WHAT IS BEING ASKED = Repeat exactly the lines of the entries below from the one with "Semi QH or FQHB" through the one with "Cozy Old Town Apartamento *", both ends included, and nothing else.

[Saved entries]
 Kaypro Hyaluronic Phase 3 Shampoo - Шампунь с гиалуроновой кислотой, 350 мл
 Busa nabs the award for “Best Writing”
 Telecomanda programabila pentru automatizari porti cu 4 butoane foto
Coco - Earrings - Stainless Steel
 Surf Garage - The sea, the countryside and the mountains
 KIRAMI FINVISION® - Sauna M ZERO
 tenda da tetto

* * *

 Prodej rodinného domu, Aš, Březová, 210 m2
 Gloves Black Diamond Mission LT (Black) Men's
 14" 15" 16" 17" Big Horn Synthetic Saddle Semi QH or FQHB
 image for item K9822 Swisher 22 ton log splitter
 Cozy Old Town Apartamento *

TASK ANSWER =
 14" 15" 16" 17" Big Horn Synthetic Saddle Semi QH or FQHB
 image for item K9822 Swisher 22 ton log splitter
 Cozy Old Town Apartamento *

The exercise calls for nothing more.